Walker believes the church, and deacons in particular, ought to make the care of widows a priority. He notes all widows need care, but according to their unique circumstances. One of his most refreshing conclusions concerns the goal toward which care and concern for the widow is headed: to release her to use her gifts in the church. “By being cared for in the prescribed way, a widow can continue to live among the people of God and continue to serve Christ according to her abilities,” he writes (74). This mindset empowers widows instead of offering them humiliating pity.

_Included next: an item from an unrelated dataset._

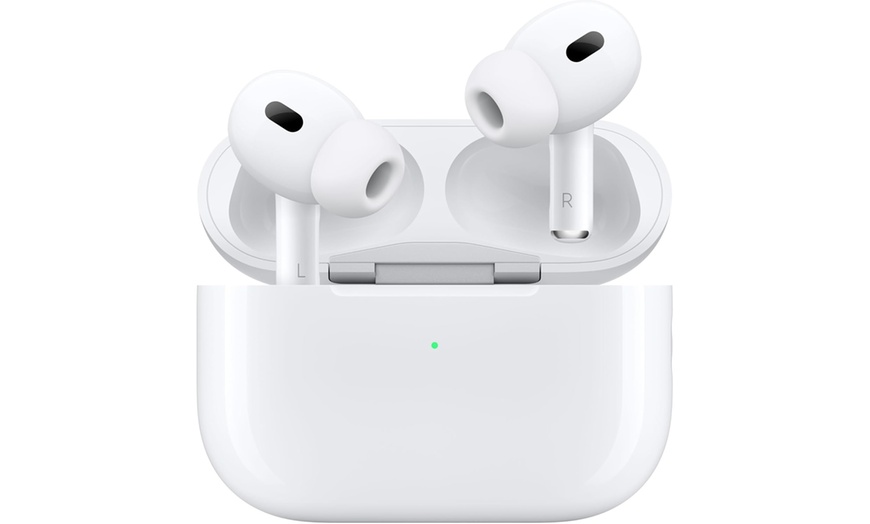 Image 3: Airpods® PRO 2 avec étui de chargement Apple, livraison offerte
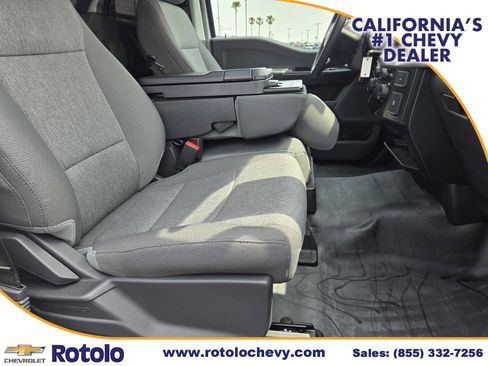 Used 2025 Ford F150 XL w/ Equipment Group 103A High image 11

The second half of Caring for Widows is authored by Croft, senior pastor of Auburndale Baptist Church in Louisville. In this latter half he weaves helpful information on grief along with practical suggestions. For example, he notes the anniversary of a husband’s death is particularly painful for the widow, but each widow will respond to it differently. Some will welcome a visit on that day; others will prefer to be alone. In some of his most poignant writing, Croft unpacks what—including within his own family—this ministry has looked like and the effect it’s had on his children. Croft saved his most beautiful contribution to Caring for Widows for the conclusion. No spoiler alerts here. Get the book and read it.
What the Book Misses
“All widows need the spiritual comfort of the church’s ministry,” Walker acknowledges, “but not all widows have identical circumstances” (77–78). Yet most of Croft’s practical ideas for serving widows presume she is elderly. According to the U.S. Department of Health and Human Services, one-third of all women who become widowed are younger than age 60, and half of those widowed become so by age 65. Most see elderly widows as the most vulnerable. Yet younger widows, faced with becoming the primary breadwinner and caregiver for a young family, endure entirely different but equally daunting circumstances. While the authors do reference younger widows, they offer little in terms of practical suggestions on how to encourage them.
Additionally, many widows would not find some of the specific suggestions offered in the book helpful, such as using prayers in public worship to inform the congregation of their circumstances and needs. In a larger church, such openness would leave a hurting widow feeling overexposed.
In 2009 Steve Corbett and Brian Fikkert began an uncomfortable but important conversation, noted by the title of their bestseller When Helping Hurts: How to Alleviate Poverty Without Hurting the Poor . . . or Yourself. The book’s premise—that some of our best efforts to alleviate suffering might cause further harm—could also apply to serving widows. It makes me think back to that well-intentioned but utterly misguided young man on my doorstep. Unfortunately, he’s one of many painful encounters I endured, each equally oblivious to just how unhelpful their efforts were.
More Than a Brief Social Call
Caring for Widows clarifies what it means to “visit the widow in her distress” (James 1:27), and gives much-needed and more detailed instruction. It’s more than a brief social call. It implies “regular personal contact and practical involvement with those in need” (25).
While I don’t endorse all of the practical suggestions offered, they will certainly be fodder to think of more. This book is a good beginning to an important discussion inside churches—a conversation where widows themselves should also be invited to participate.